* U.S. appeals court reverses lower court order
* Chevron says $18 billion award was obtained illegally
* Judges issue opinion at a later date
(Adds statement from Ecuadorean plaintiffs)
By Basil Katz
NEW YORK, Sept 19 A U.S. appeals court reversed
on Monday an order freezing enforcement outside of Ecuador of
an $18 billion pollution damages award against Chevron Corp
The order by the 2nd U.S. Circuit Court of Appeals in New
York is the latest reversal in a nearly two decade-long legal
battle over pollution in the Amazonian rainforest in Ecuador.
In February, an Ecuadorean judge ordered Chevron to pay
damages to the plaintiffs, but both Chevron and the residents
appealed, and the case has yet to make its way to the country's
In anticipation of the judgment, however, Chevron had filed
court papers asking U.S. District Judge Lewis Kaplan to freeze
any possible enforcement of payment anywhere outside Ecuador.
Kaplan, who presides over a chunk of the litigation in
Manhattan federal court, issued the now-reversed preliminary
injunction in March.
A lawyer for Chevron, Randy Mastro, did not return a call
seeking comment on the order.

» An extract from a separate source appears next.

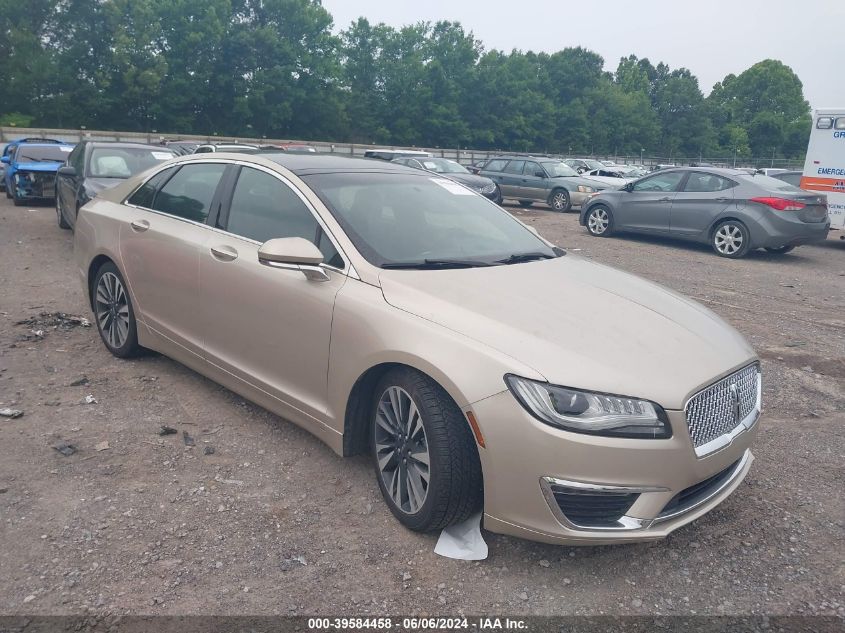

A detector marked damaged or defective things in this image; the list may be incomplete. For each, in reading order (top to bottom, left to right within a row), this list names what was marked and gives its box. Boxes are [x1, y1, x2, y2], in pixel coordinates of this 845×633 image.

damaged blue car [3, 140, 75, 205]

Officials at the company were not
immediately available for comment.
A spokeswoman for the plaintiffs said the appeals court
order meant it had recognized that Kaplan had acted too fast in
issuing an injunction. "Chevron abused the law, and Judge
Kaplan rushed to judgment without considering the overwhelming
evidence against the oil giant," she said in a statement.

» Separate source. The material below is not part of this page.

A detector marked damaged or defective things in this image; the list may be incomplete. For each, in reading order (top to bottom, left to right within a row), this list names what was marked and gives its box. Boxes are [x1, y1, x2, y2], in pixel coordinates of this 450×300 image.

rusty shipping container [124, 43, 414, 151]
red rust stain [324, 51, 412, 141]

The Ecuadorean rain forest residents say Texaco, bought by
Chevron in 2001, is responsible for hazardous oil-drilling
waste dumped on their land in the 1970s and 1980s.

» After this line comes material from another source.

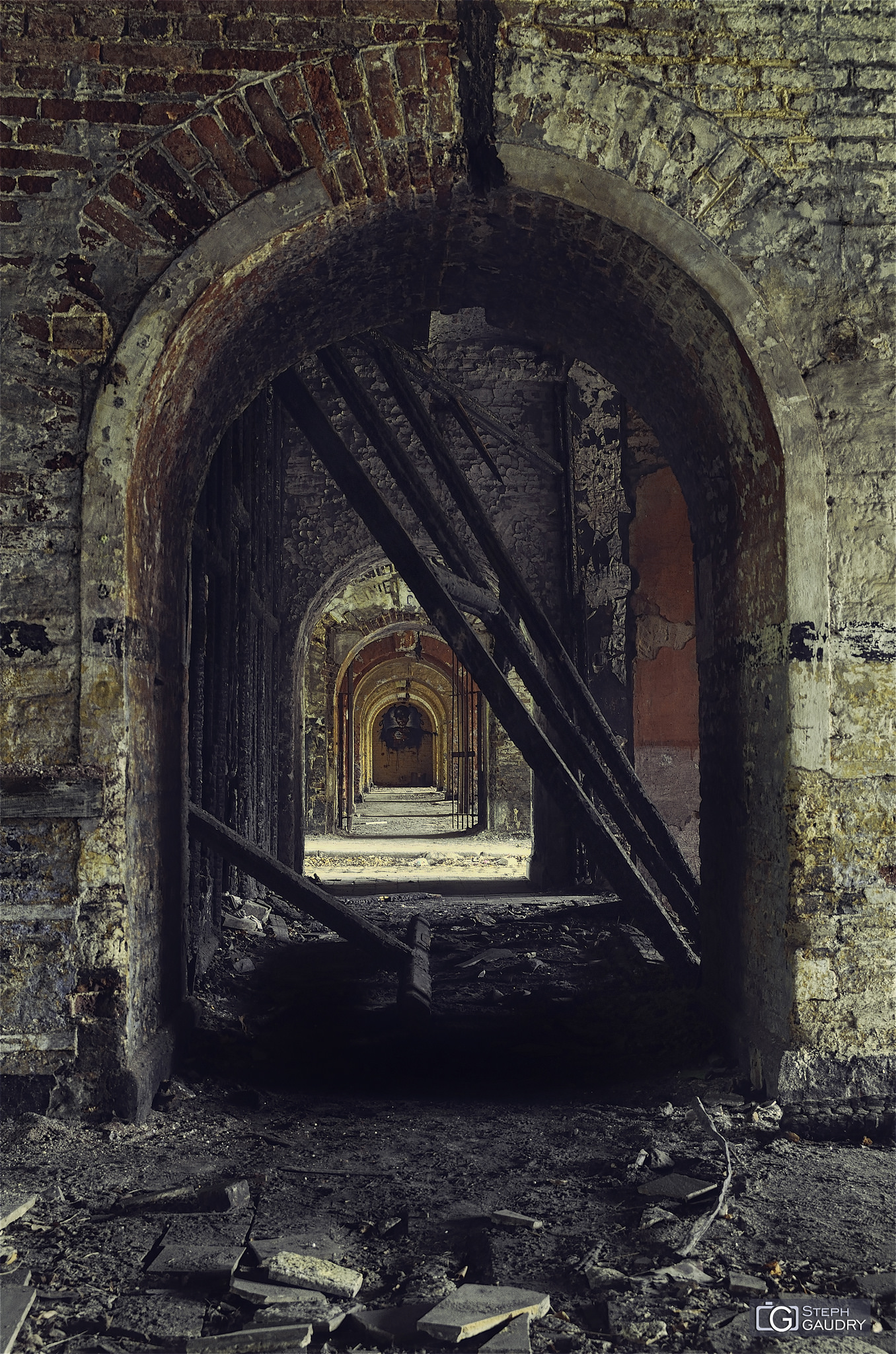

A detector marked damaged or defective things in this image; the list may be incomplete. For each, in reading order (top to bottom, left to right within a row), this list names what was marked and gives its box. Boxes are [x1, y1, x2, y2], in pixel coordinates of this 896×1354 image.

Chevron says Texaco cleaned up all waste pits for which it
was responsible before turning the sites over to state-owned
oil company Petroecuador, which still operates in the area.
An international arbitration tribunal also last month found
that Ecuador must pay $96 million to Chevron because Ecuador's
courts had violated international law through their delays in
resolving commercial disputes involving Texaco. [ID:nN1E77U1OL]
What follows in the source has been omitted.